La SOGESID è una società interamente a capitale pubblico c.d. in house, ossia strumentale alle esigenze e finalità del Ministero dell’Ambiente che se ne avvale affidandole, in virtù del rapporto di esclusiva, le sue commesse direttamente senza bandire gare pubbliche. Servizi di consulenza, prestazioni ingegneristiche, soluzioni di criticità ambientali quali bonifiche, emergenza e gestione rifiuti, dissesti idrogeologici, e quant’altro. Insomma, le stesse competenze che svolge l’ISPRA.

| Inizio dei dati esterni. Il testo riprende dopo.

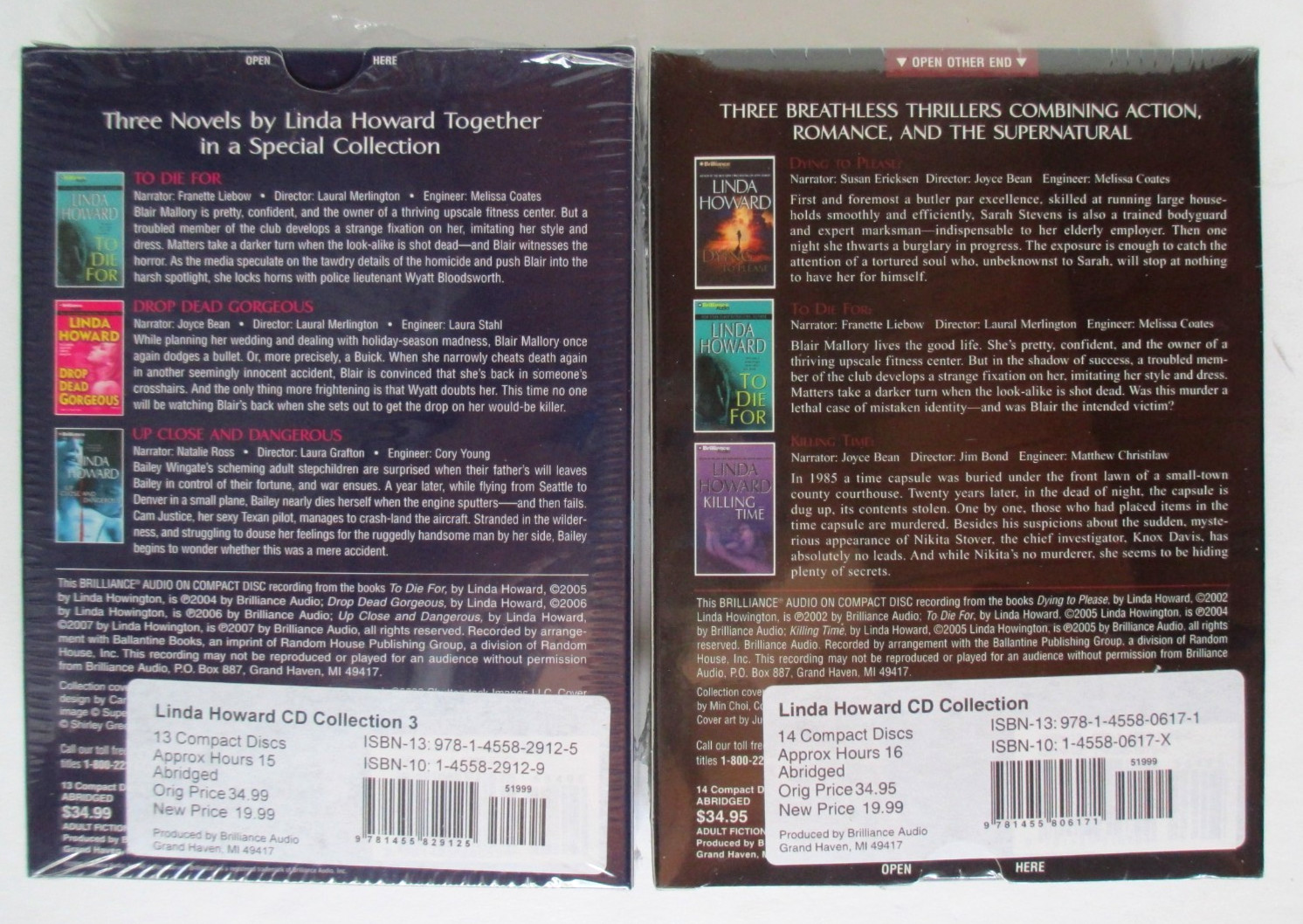 2 NEW Linda Howard CD Audiobook Collections 5 Books Cry No More To Die For +++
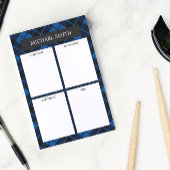 Blauw geplakt 4 rubrieken voor lijsten post-it® notes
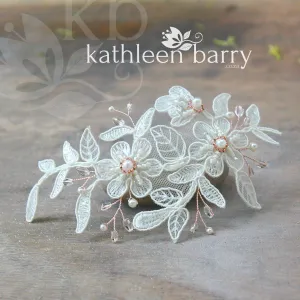 Meredith lace hairpiece - pearl crystal detail - rose gold, gold or silver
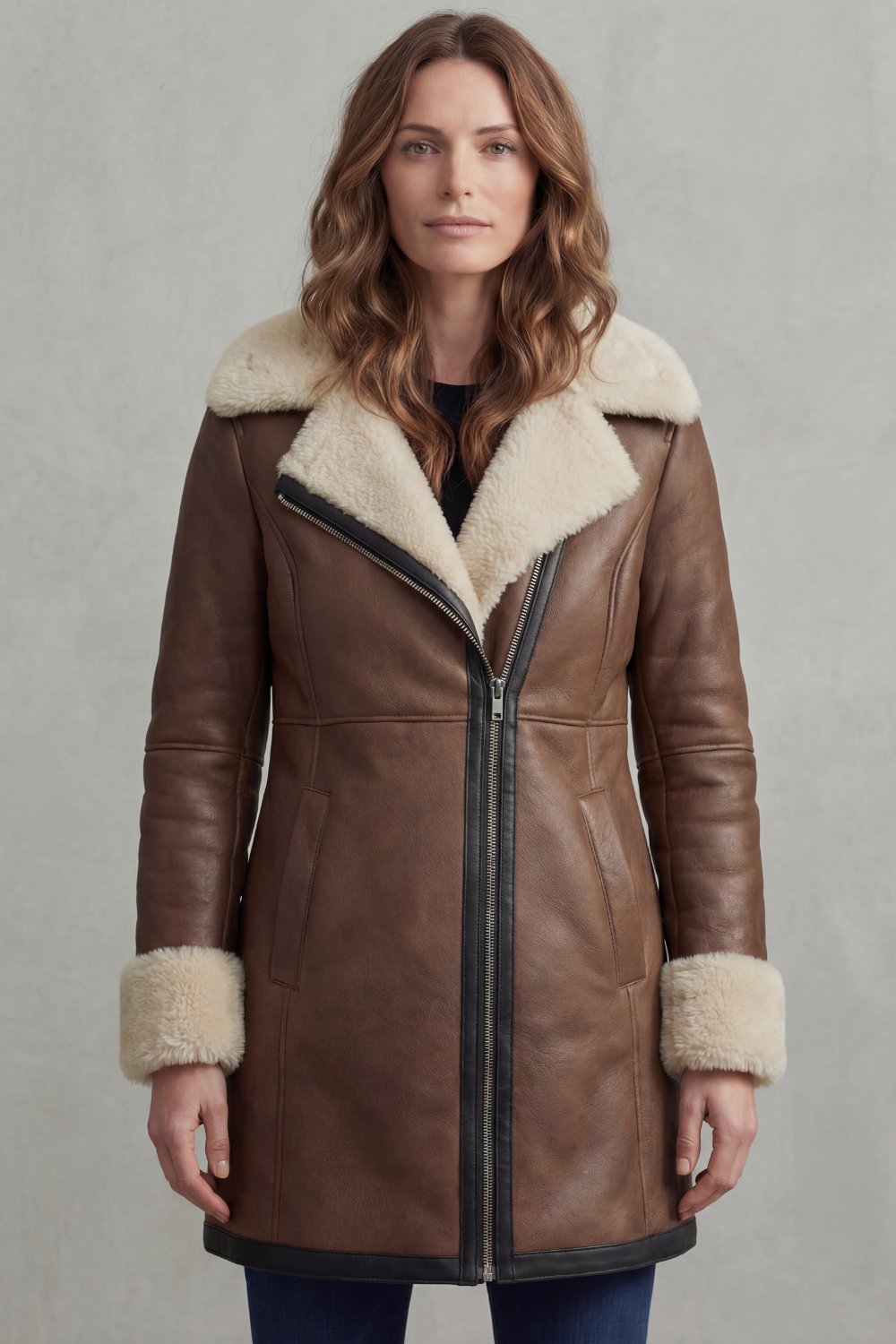 Women's Leather Winter Coat with Shearling Collar | S–2XL 2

Coincidenza sospetta tant’è che l’anomalia di questa sovrapposizione è stata oggetto di diverse interrogazioni parlamentari presentate alla Camera in maniera assolutamente bi-partisan (PDL-PD), con la richiesta di messa in liquidazione o soppressione della SOGESID. Non solo SOGESID non è stata eliminata, ma al vertice del suo CdA è stato nominato l’avvocato Vincenzo Assenza, concittadino della Ministra per l’Ambiente, e quale consigliere di Amministrazione l’avvocato Luigi Pelaggi, capo della segreteria tecnica della Ministra. C’è dell’altro. In realtà SOGESID non opera solo in funzione strumentale al Ministero dell’Ambiente, ma agisce anche per conto di altre amministrazioni quali Regioni, Province e Comuni. Il Sindaco di Lipari, ad esempio, ha conferito direttamente alla SOGESID l’incarico per la risoluzione delle problematiche connesse al ciclo dell’acqua delle Isole Eolie. La questione è stata afforntata in una “Lettera aperta sulla concorrenza sleale della SOGESID ” del 22 giugno scorso inviata, tra l’altro, al Presidente della Repubblica, al Presidente del Consiglio, alla Ministra per l’Ambiente, al Presidente della Regione Sicilia, all’Autorità di Vigilanza degli Appalti Pubblici e all’Antitrust. In particolare si lamenta l’alterazione del libero mercato causata da una società pubblica che gode di un sostanzioso margine di “ricarico” sui servizi d’ingegneria che le vengono assegnati senza gare al valore delle tariffe professionali vigenti, per essere poi subappaltati a terzi, per giunta in violazione delle norme di affidamento degli incarichi professionali. Tra l’altro, in un’interrogazione presentata al Senato il 21 luglio 2008 sugli incarichi affidati a SOGESID senza alcuna gara dal Sindaco di Lipari, veniva chiesto conto del fatto che SOGESID che è una società pubblica viene pagata come una società privata (in contrasto con la legge n. 109 / 1994) e pertanto non producendo alcun risparmio per l’amministrazione rispetto al mercato.
Quando si parla di gestione efficiente della cosa pubblica.